Monday, May 21, 2018
Such Is Life
I've suffered with depression for my entire adult life. I've been on prozac/fluoxetine for the past 25 years, on a very low dose. I had about three really good years, after the drug took six months to kick in, back in the mid-1990s.
The truth is, my life has always been an emotional roller coaster (if you've followed this blog for the last several years, you'll know why), exacerbated in the last 20 years, I now see, by the fact that that antidepressant wasn't really working for me, or stopped being totally effective, years ago.
I started taking it when I lived in San Francisco and had Kaiser insurance. Since then, I've self-managed the medication, because I didn't have insurance (until Medicare) and couldn't afford psychiatric care (for medication management). Also, being the self-reliant, "I can do it myself" type, it honestly never occurred to me, since I've been on Medicare, that I could seek a doctor's help with the depression.
There's also this thing when you're chronically depressed, that even if/when you have periods of emotional equilibrium, when those times end, you don't realize you're depressed again. You think it's just who you are, to feel so bad inside.

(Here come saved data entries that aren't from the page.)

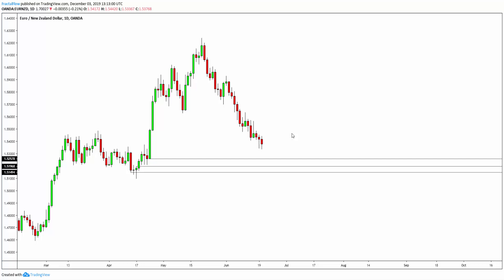In today's video, I want to show you an example of a technique called volatility shift line, and also explore some of the problems attached to normal pitchforks.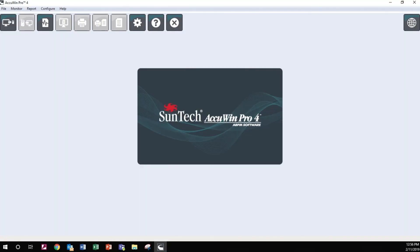AccuWin Pro uses Microsoft Report Viewer to create study reports. If you see a prompt to install this software, please do so.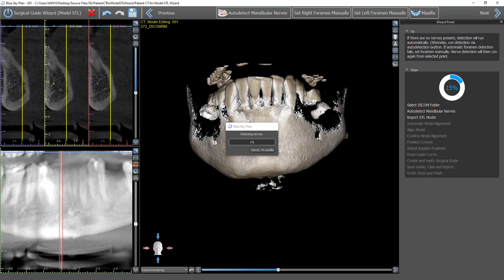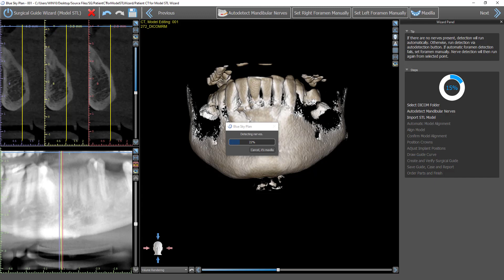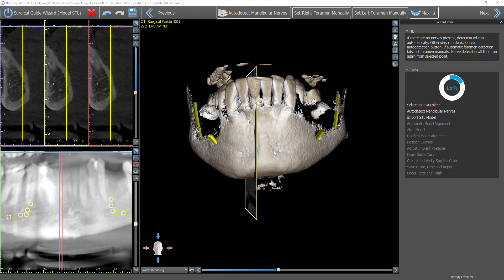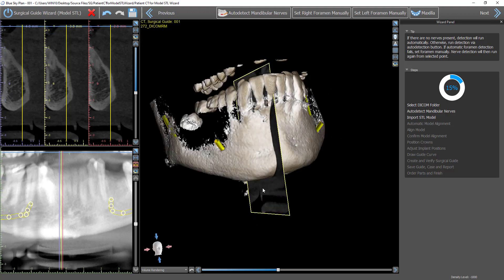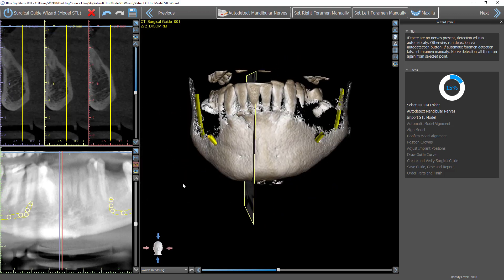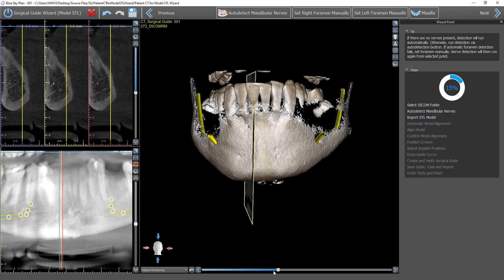And we're going to watch what happens here. Right away, as we're importing the DICOMs, the software is running automatic nerve detection. If it's a maxilla, we could just click cancel to maxilla. But in our case, obviously, it's a mandible.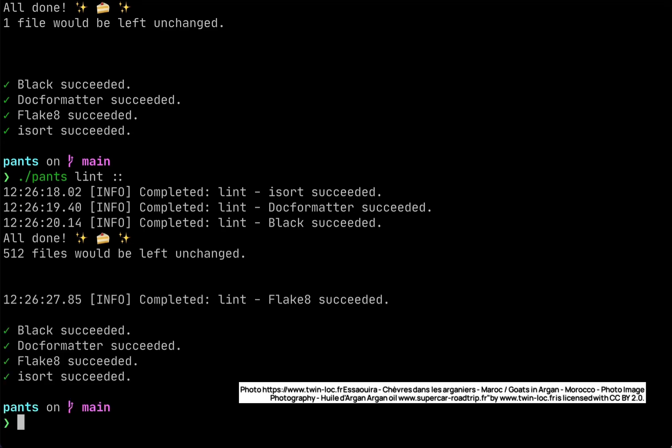When you're incrementally adopting a tool, your developers don't need to run some custom bash script or keep track of how to invoke each tool the right way. They only need to run PantsLint, and Pants will do the right thing for you.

Back in December of last year, I had the inkling to increase my dosage of prozac to 40mg/day from 20mg. So January through March of this year, I felt really great, better than I'd ever felt. Then I had a depressive crash in late March/early April, that I still haven't recovered from. It was only last week, when my closest friend suggested maybe my medication wasn't working, that I had the big AHA moment. It had just never crossed my mind previously.
Now I can see just how much time in the past 25 years (not to mention the preceding 20+ years) I spent in depressive periods, regardless of taking medication. And I can see how many of my physical symptoms of the last few years are likely related either to the medication no longer working, or the depression itself, or both. Shit.
I have an appointment with the MD at my clinic this Wednesday. I can't do it alone anymore. I need help managing the depression. I also have no illusions that I'll ever stop needing ADs.